Getting Green with Eco-Friendly Urban Planning
What is Green Urban Planning?
Urban planning and regional planning in the 21st century focuses on building and renewing communities with a greater awareness of the finite nature of the earth’s resources. The United Nations Commission on Sustainable Development defines sustainability as “meeting the needs of the present without compromising the ability of future generations to meet their own needs.” Thus, sustainable planning is fundamentally planning for the benefit of the environment that we all inhabit (and our children’s children will one day inhabit as well), so that human developments co-exist with nature rather than exploit it.
There are three essential components to sustainable practices in environmental planning. The first is reducing the consumption of natural resources, including water and carbon-based fuels, to manageable levels. The second involves adapting existing structures for reuse by means and for ends that are environmentally friendly. The third component is the salvaging and recycling of materials from structures that cannot be reused. Each of these components has its own economic implications in the short term, but over the long run contributes to beneficial development that respects the needs of posterity.
Non-Carbon Energy & Urban Sustainability
The UN Habitat’s “Local Governments for Sustainability” initiative, in a comprehensive report on Sustainable Urban Energy Planning, outlines ways that alternative energy can help to streamline urban communities. The integration of clean, renewable energy sources like solar, tidal, and wind power into an urban environment can help offset a city’s environmental impact. Urban planning is crucial in ensuring that cities minimize their footprints and continue to utilize alternative energy.
Regulation or Planning?
Many believe that sustainable urban planning is part of the enforcement programs undertaken by the United States Environmental Protection Agency. Nothing could be further from the truth. A short-hand term for sustainability planning or eco-friendly planning is “green planning.” While urban planners are usually government employees or consultants, they meet with all stakeholders that are involved in a project, not just environmental regulators.
Urban planners ask for input from everyone. If a neighborhood that is primarily a commercial warehouse district is going to be redeveloped for housing, planners meet with businesspeople, area residents, highway department planners, utility planners, developers, architects and others to arrive at a consensus as to the best way to accomplish the common goal of a community.

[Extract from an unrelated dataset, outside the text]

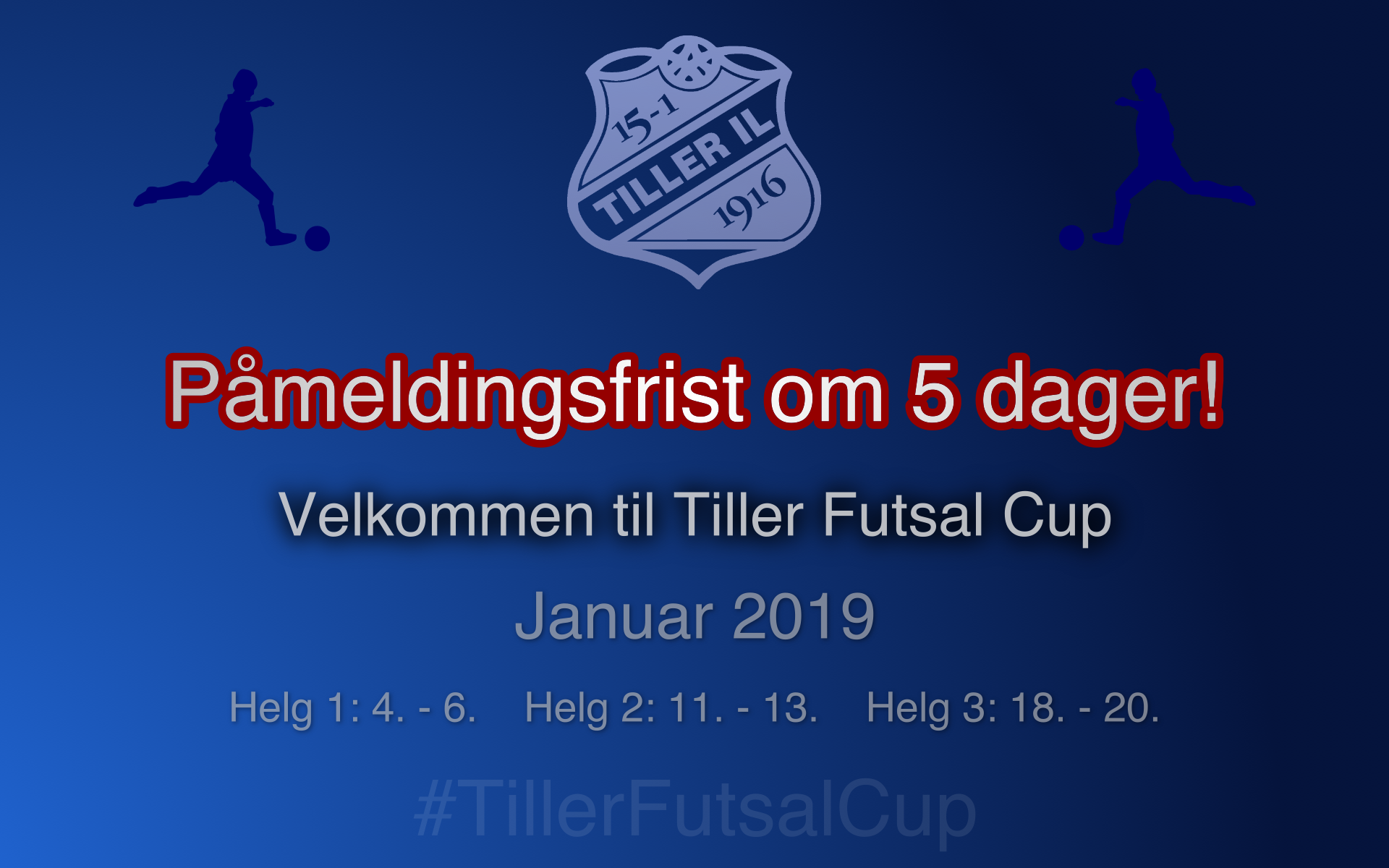 Kun fem dager igjen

Some warehouses may be reused and turned into lofts where the hot water will be provided by solar energy. Some buildings may be razed, with timber and steel recycled for use in new construction. New buildings may be designed with setbacks from the street for the planting of trees and have expansive glass areas to help heat them in winter.
Sustainability makes urban planning a cutting-edge career. Initiatives like the City of Minneapolis’s 26 Sustainability Indicators program and the global ICLEI initiative are just a few examples of pioneering efforts in sustainable infrastructure and resource management.